:: What you need to do ::
Nothing outside the range is wanted. Repeat exactly the lines below from the one with "ALL ONE MONEY!" through the one with "南油凯旋门刺绣双口袋白色牛仔".
Listed records START
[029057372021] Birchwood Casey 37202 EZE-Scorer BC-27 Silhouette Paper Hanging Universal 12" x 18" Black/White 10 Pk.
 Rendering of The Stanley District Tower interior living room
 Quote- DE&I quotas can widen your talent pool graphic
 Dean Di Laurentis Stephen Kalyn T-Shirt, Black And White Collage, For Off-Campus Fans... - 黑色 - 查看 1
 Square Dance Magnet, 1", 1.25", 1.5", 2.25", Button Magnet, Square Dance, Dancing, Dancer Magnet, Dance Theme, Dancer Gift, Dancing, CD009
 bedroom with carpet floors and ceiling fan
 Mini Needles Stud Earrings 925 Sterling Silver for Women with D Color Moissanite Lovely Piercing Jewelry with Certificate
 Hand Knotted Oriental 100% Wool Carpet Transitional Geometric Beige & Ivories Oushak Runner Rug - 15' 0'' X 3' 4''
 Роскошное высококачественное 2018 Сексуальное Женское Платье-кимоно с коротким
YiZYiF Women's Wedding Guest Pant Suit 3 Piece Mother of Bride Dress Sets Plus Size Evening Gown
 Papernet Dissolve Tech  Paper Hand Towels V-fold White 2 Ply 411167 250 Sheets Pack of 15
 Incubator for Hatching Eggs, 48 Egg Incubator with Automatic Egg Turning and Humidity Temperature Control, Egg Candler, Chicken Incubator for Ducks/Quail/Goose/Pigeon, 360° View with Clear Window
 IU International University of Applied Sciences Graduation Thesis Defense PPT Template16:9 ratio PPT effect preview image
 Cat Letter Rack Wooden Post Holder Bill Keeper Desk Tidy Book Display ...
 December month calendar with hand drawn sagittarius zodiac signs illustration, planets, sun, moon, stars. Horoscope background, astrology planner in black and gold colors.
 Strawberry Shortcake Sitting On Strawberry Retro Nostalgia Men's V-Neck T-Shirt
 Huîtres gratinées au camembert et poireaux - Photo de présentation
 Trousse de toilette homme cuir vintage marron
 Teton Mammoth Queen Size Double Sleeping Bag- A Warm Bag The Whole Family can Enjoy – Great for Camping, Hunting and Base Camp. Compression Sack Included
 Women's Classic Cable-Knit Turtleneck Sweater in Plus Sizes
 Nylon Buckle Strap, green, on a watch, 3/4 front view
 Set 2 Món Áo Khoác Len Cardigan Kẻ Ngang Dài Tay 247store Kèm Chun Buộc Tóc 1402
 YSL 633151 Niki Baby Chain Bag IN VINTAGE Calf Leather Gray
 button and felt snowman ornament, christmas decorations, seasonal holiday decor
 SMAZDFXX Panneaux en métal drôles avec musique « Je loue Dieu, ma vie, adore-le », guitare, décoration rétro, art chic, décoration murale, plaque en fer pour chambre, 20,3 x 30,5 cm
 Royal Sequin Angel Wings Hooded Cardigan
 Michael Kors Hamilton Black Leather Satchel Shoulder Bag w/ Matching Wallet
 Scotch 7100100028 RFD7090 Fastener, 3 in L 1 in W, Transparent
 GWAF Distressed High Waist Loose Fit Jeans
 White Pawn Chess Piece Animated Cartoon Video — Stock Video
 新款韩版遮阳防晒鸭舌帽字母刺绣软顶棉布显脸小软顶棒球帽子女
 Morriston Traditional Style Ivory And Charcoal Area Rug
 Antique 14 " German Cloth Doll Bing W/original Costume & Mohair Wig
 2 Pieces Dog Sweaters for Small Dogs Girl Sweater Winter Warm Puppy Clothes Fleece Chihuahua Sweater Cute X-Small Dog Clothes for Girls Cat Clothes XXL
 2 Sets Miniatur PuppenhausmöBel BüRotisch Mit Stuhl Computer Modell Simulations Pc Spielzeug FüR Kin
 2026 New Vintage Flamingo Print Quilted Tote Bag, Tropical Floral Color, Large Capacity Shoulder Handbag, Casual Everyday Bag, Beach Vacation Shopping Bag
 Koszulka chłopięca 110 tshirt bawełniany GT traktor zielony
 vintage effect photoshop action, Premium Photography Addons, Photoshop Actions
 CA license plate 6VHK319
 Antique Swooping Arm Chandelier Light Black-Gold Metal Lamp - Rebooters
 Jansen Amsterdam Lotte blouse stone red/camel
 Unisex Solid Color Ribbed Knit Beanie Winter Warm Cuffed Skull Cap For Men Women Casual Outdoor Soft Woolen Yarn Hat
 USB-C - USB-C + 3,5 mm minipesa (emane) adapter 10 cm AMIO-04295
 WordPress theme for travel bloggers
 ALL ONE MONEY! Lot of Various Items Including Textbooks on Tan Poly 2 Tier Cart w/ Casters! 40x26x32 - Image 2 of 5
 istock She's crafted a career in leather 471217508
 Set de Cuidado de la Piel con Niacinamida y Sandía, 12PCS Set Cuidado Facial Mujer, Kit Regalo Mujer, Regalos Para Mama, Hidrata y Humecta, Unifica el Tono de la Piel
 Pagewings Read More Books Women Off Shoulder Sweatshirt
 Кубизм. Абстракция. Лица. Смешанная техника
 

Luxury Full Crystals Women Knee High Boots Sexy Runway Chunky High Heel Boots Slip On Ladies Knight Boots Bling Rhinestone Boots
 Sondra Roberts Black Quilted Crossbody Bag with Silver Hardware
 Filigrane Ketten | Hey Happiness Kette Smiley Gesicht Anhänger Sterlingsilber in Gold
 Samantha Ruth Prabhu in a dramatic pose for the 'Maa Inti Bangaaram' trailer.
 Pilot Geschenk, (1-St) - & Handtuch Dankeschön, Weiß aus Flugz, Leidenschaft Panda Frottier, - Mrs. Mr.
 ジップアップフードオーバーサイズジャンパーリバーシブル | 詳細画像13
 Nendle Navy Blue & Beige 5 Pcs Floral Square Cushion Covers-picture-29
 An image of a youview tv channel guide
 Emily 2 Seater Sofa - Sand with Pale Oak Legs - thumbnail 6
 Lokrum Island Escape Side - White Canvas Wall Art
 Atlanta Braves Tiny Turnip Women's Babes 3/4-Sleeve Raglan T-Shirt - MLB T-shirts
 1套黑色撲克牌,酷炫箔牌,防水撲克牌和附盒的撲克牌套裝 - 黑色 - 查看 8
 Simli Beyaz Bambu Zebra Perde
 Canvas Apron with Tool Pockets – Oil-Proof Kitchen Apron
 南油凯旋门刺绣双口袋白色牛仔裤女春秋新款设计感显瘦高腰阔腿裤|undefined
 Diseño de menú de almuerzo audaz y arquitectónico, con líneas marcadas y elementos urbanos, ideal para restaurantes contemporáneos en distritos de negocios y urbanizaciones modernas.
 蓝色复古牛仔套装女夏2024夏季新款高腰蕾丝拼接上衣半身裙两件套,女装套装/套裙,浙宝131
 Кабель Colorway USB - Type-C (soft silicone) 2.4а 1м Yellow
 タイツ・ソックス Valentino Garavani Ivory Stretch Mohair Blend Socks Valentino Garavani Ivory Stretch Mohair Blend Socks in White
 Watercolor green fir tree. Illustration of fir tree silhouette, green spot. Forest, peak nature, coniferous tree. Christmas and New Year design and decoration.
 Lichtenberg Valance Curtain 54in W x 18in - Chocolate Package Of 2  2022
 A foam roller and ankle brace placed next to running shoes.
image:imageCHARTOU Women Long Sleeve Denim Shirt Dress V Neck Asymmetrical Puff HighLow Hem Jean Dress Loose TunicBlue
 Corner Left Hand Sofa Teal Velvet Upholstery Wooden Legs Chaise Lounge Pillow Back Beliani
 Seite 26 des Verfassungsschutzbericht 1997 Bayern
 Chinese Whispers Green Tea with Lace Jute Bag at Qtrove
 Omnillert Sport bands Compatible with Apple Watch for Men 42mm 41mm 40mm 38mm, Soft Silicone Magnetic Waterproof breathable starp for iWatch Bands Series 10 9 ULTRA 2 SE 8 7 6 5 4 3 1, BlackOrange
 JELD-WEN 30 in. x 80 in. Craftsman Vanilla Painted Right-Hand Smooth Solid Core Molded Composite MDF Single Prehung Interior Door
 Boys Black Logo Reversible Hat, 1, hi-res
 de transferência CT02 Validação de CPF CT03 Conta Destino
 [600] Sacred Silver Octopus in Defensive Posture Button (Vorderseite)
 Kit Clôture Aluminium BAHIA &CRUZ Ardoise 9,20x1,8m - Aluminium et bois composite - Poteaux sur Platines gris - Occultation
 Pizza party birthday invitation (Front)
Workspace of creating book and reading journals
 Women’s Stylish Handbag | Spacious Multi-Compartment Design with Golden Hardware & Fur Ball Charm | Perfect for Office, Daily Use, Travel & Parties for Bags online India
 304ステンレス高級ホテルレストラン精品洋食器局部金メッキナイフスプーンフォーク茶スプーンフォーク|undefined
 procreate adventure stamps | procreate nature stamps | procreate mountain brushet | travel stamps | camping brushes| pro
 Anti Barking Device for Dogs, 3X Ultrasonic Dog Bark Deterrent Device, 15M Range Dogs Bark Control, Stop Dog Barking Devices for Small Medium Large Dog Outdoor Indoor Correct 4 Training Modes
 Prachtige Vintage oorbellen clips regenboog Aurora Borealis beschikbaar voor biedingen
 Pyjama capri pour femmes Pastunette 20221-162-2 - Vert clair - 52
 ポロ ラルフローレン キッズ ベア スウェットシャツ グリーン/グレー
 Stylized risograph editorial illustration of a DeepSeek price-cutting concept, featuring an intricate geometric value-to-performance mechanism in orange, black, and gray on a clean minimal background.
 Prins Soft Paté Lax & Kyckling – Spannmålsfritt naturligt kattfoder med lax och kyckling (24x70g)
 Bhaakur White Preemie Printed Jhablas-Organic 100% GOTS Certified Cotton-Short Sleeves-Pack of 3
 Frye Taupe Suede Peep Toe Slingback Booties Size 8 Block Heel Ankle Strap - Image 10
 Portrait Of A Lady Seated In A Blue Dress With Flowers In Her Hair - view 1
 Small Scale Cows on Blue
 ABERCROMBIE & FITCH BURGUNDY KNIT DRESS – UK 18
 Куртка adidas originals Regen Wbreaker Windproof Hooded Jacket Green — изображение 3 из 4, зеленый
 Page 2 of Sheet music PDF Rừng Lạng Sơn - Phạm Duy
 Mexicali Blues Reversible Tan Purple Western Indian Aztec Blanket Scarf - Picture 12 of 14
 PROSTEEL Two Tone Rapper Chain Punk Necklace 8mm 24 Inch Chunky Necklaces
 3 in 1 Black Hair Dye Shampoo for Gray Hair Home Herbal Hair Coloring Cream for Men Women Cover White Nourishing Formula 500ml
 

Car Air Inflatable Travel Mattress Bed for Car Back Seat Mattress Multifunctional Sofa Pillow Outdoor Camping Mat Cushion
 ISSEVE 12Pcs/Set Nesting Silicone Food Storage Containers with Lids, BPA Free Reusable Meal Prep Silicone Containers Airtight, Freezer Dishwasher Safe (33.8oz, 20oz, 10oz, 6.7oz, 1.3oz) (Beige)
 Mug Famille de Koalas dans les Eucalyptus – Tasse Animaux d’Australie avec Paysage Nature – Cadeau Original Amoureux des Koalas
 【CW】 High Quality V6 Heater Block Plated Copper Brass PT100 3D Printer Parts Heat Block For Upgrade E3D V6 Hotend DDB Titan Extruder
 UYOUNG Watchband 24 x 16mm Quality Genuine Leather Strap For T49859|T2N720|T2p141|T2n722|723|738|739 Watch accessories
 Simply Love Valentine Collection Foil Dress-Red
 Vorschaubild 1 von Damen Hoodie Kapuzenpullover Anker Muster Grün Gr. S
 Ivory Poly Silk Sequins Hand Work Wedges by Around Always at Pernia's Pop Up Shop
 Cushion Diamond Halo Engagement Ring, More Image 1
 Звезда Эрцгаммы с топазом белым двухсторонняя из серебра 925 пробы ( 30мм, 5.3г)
Listed records END
:: Your response ::
 ALL ONE MONEY! Lot of Various Items Including Textbooks on Tan Poly 2 Tier Cart w/ Casters! 40x26x32 - Image 2 of 5
 istock She's crafted a career in leather 471217508
 Set de Cuidado de la Piel con Niacinamida y Sandía, 12PCS Set Cuidado Facial Mujer, Kit Regalo Mujer, Regalos Para Mama, Hidrata y Humecta, Unifica el Tono de la Piel
 Pagewings Read More Books Women Off Shoulder Sweatshirt
 Кубизм. Абстракция. Лица. Смешанная техника
 

Luxury Full Crystals Women Knee High Boots Sexy Runway Chunky High Heel Boots Slip On Ladies Knight Boots Bling Rhinestone Boots
 Sondra Roberts Black Quilted Crossbody Bag with Silver Hardware
 Filigrane Ketten | Hey Happiness Kette Smiley Gesicht Anhänger Sterlingsilber in Gold
 Samantha Ruth Prabhu in a dramatic pose for the 'Maa Inti Bangaaram' trailer.
 Pilot Geschenk, (1-St) - & Handtuch Dankeschön, Weiß aus Flugz, Leidenschaft Panda Frottier, - Mrs. Mr.
 ジップアップフードオーバーサイズジャンパーリバーシブル | 詳細画像13
 Nendle Navy Blue & Beige 5 Pcs Floral Square Cushion Covers-picture-29
 An image of a youview tv channel guide
 Emily 2 Seater Sofa - Sand with Pale Oak Legs - thumbnail 6
 Lokrum Island Escape Side - White Canvas Wall Art
 Atlanta Braves Tiny Turnip Women's Babes 3/4-Sleeve Raglan T-Shirt - MLB T-shirts
 1套黑色撲克牌,酷炫箔牌,防水撲克牌和附盒的撲克牌套裝 - 黑色 - 查看 8
 Simli Beyaz Bambu Zebra Perde
 Canvas Apron with Tool Pockets – Oil-Proof Kitchen Apron
 南油凯旋门刺绣双口袋白色牛仔裤女春秋新款设计感显瘦高腰阔腿裤|undefined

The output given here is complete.